Howard slipped a lost rock take-out down the ice of the John Labatt Centre arena and cleanly removed a Gushue stone to score a single point in the tenth end for a 7-6 semi-final win.
Howard will meet Manitoba’s Jeff Stoughton in the Tankard final Sunday night at the Tim Horton’s Brier.
Gushue and Martin will be reluctant participants in a Brier first on Sunday afternoon, a bronze medal game that none of the players in the entire tournament wanted to play.
Gushue accepted responsibility for the loss, pointing to at least one flub that proved costly.
“We had a couple tough breaks, but you know what, I missed the draw in the sixth (end) and I think, ultimately, the reason we lost, he said”
One of Gushue’s two losses in the 11-game round-robin tournament came against Howard.
“I don’t think they have our number,” said Gushue, who lost the 2007 Brier final to Howard. “They’ve beaten us more than we’ve beaten them but I think they can say that about just about everybody except Kevin (Martin).
Howard’s win in the afternoon playoff was his first in eight games against Martin over the years at the Brier.
Ontario had to return to face Gushue just an hour after defeating Martin and Howard said he was both inspired and worn out by the experience.
“We were really pumped,” Howard said. “I’m emotionally tired. That last game against Kevin took a little toll on me. You’re out there for three hours grinding it out and watching all the nuances in the ice and the next thing you know it’s an hour later and you’re back in the fold. That’s six hours of concentration with the adrenaline pumping and the people screaming.”
More than 7,500 largely-partisan spectators attended the semi-final, the largest crowd of the week.

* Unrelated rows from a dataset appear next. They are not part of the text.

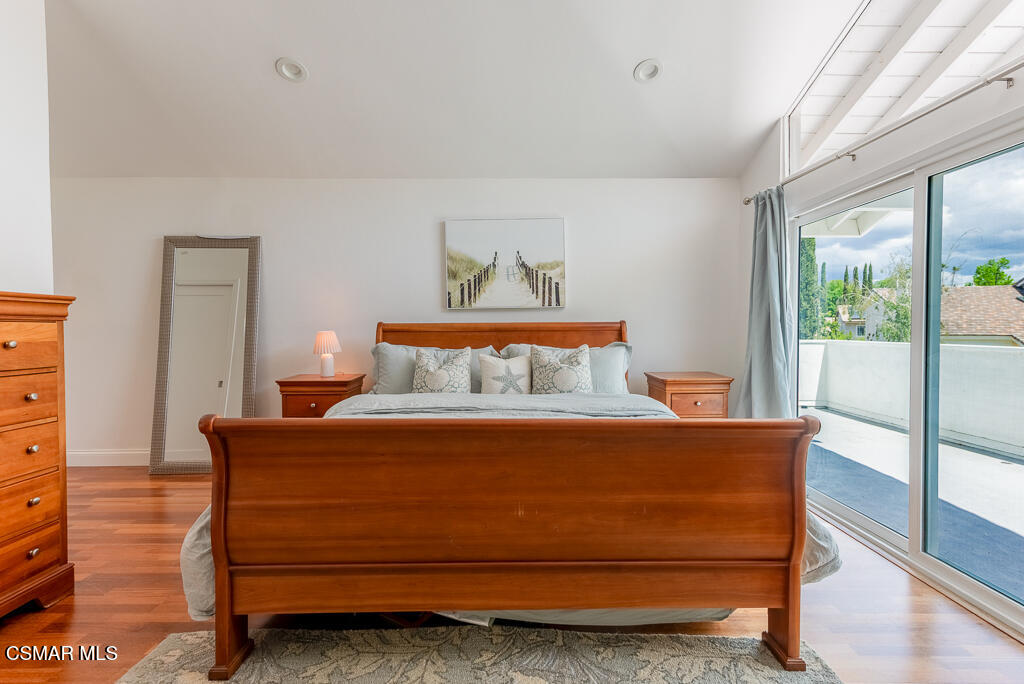 2339 E Meadowland Court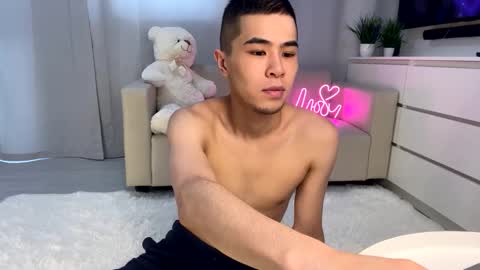 Snapshot of sue_star chatting on February 27, 2025, 9:11 am Emmy online show from February 27, 2025, 9:11 am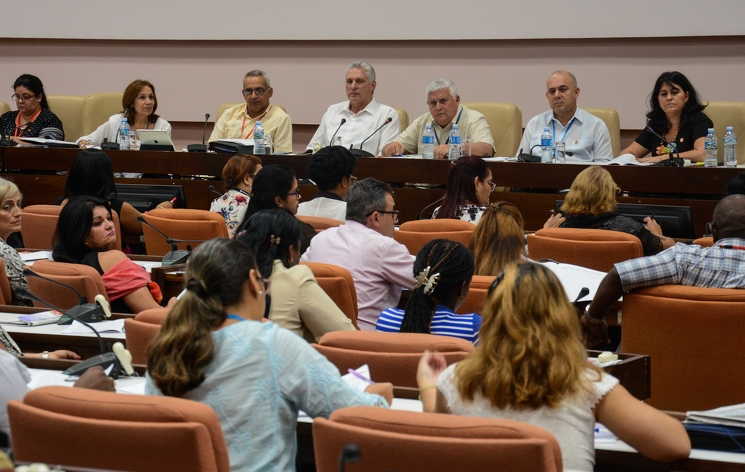 cuba, parlamento cubano, asamblea nacional del poder popular, comisiones permanentes del parlamento cubano, simbolos patrios, miguel diaz-canel, presidente de cuba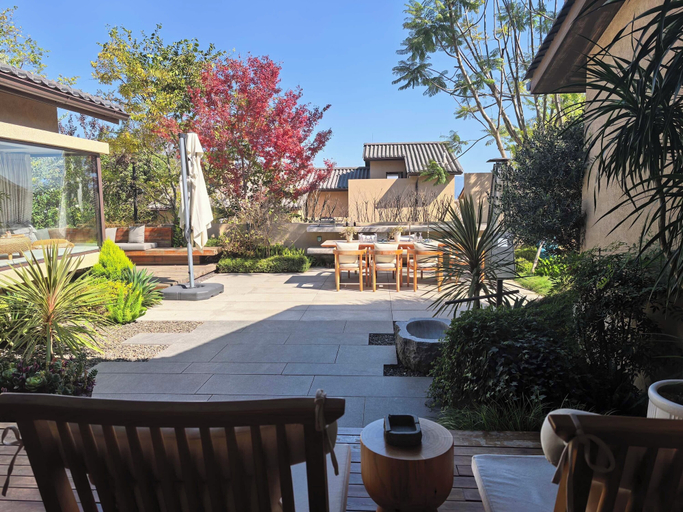 Outdoor dining 2, SYCX Retreat Villas, Dali Bai
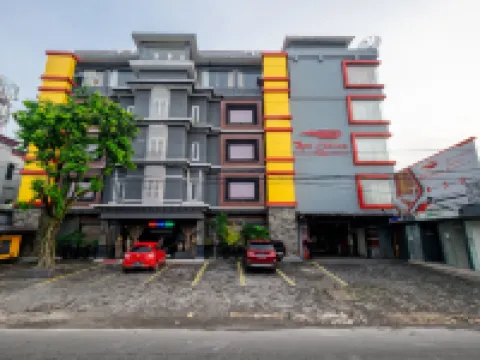 Red Chilies Hotel Hotels in Banjarsari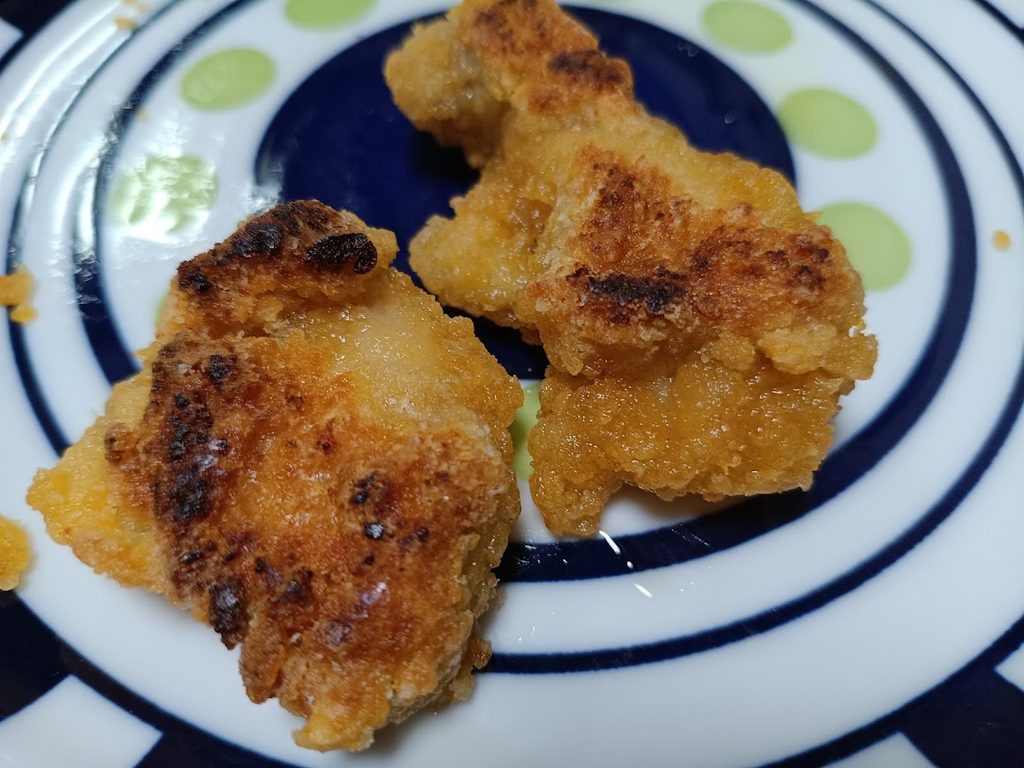 こんがり焼き色がついたバックリブのフライドチキン(フライパン)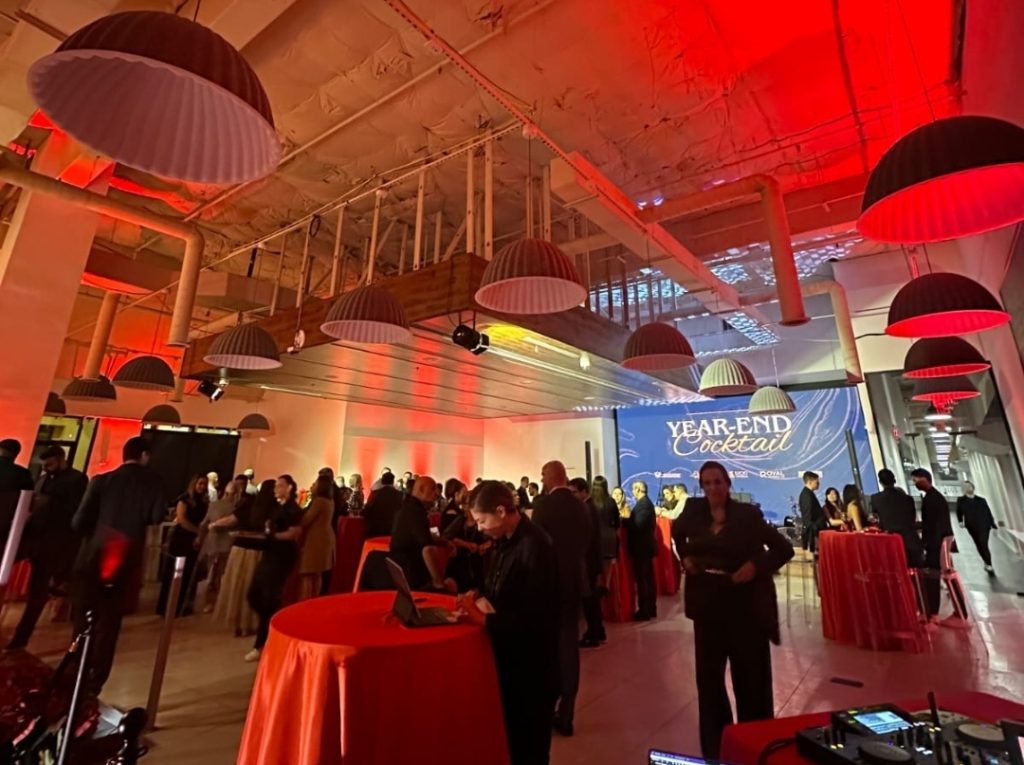 Royal Business Center realiza seu exclusivo Year-End Cocktail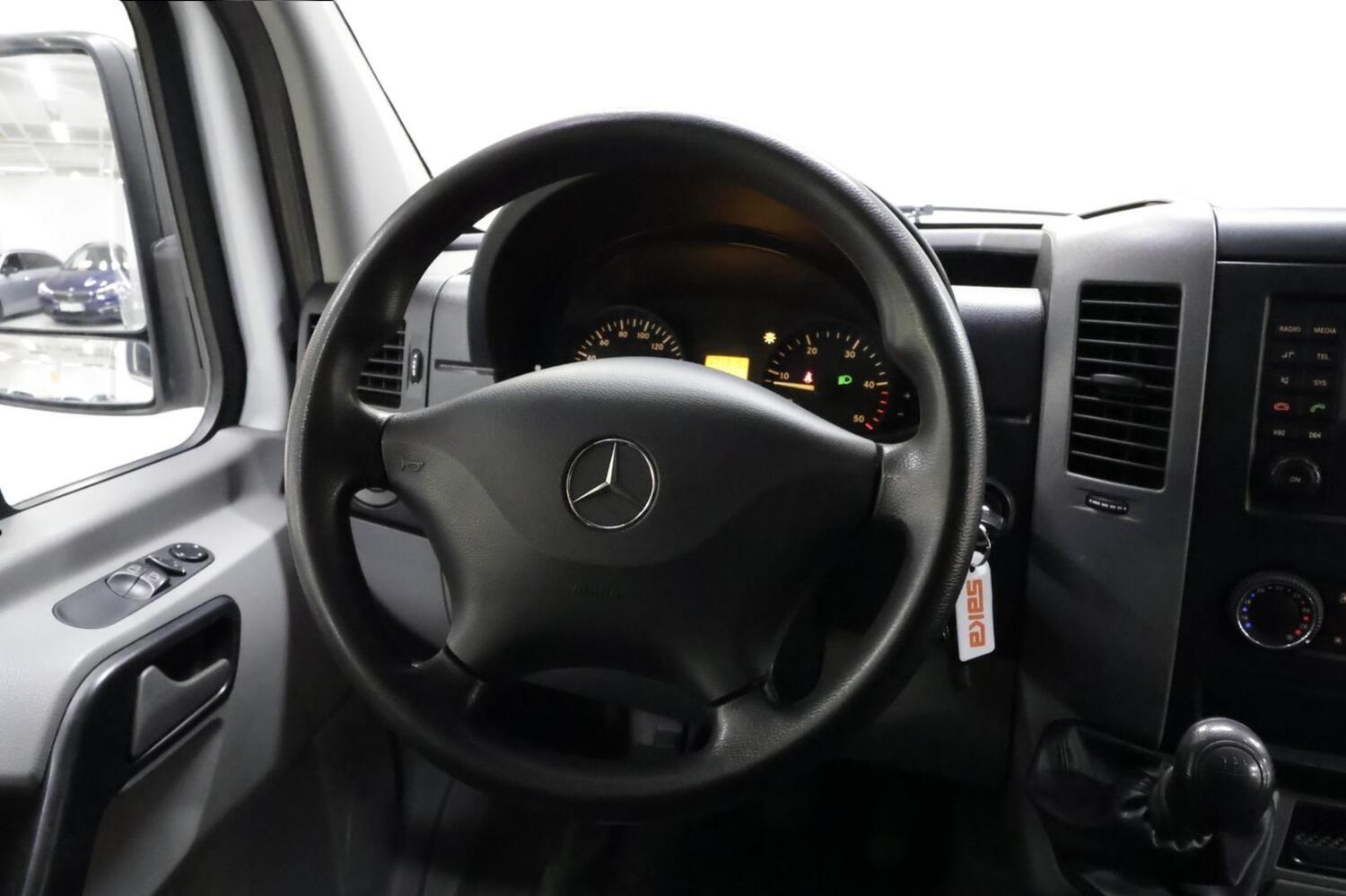Mercedes-Benz Sprinter vaihtoauto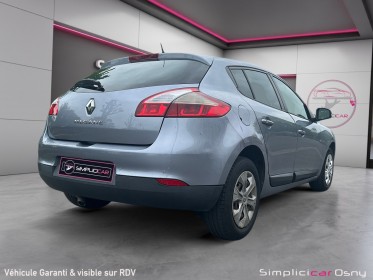 Renault megane iii estate estate iii 1.5 dci 110 fap eco2 dynamique euro 5 || toit panoramique ouvrant || occasion osny...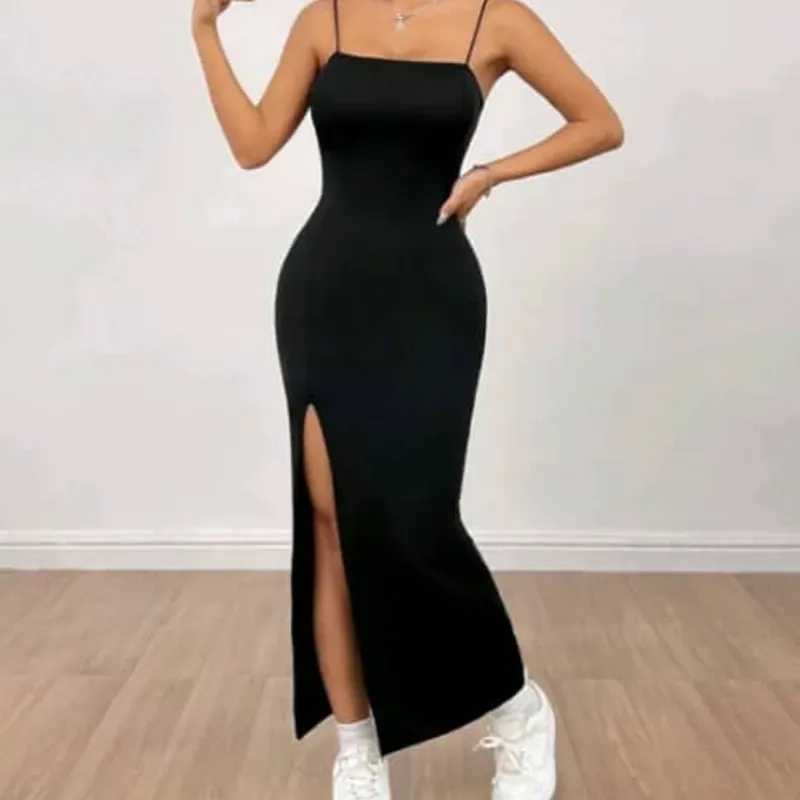  Vestido largo de tirantes y abertura en la pierna — Negro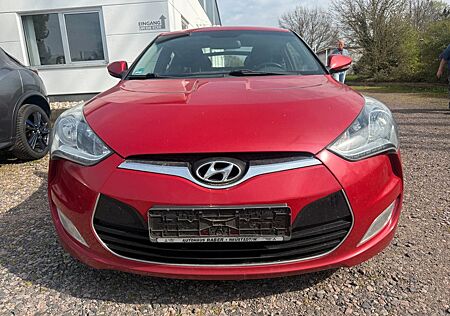 Hyundai Veloster Style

The first end started with a string of basic hits until Howard managed to roll a take-out shot behind a guard and Gushue had no choice except to draw for one point.
After a blank end in the second, Gushue’s third, Mark Nichols, smoked a double take-out in the third end, sending a pair of Ontario stones scooting past each side of a Newfoundland and Labrador stone.
Gushue, however, missed running back a guard and taking out an Ontario stone. Howard used his first shot to bump one Ontario stone and split the house with two rocks in scoring position.
Again Gushue was handcuffed by the Ontario skip. He could only take out one stone allowing Howard an easy draw to score two points.
Nichols seemed to falter in the fourth end when an attempt to bump an Ontario rock ended with his stone over-curling and completely avoiding any contact.
The same curl path grabbed a Howard shot and sent it sliding past its intended target and provided Gushue with a last shot draw scoring two points.
In the fifth end, Gushue drew past a guard to the back four-foot ring but not fully protected. Howard hit the stone and remained in play giving Ontario two points.
Gushue lost the opportunity to take the lead in the sixth when his final shot, a routine draw to the four-foot, continued sliding out the back of the rings and scoring just a single point.
Looking at two Ontario stones separated in the house in the seventh, Gushue played a nice hit and roll, ending up next to the remaining opposing rock.
Howard delivered a strong draw that dove sideways at the last moment and bumped the Gushue stone just far enough to take two points and a 6-4 lead.
An uneventful eighth allowed Gushue to take out the only Ontario stone in the house and blank the end to maintain the last rock advantage in the ninth.
After some intriguing play in the ninth – Gushue drew behind an Ontario rock in the four-foot ring and Howard ran his own stone back to remove it – Gushue was able to make a simple hit to score two and tie the game at 6-6.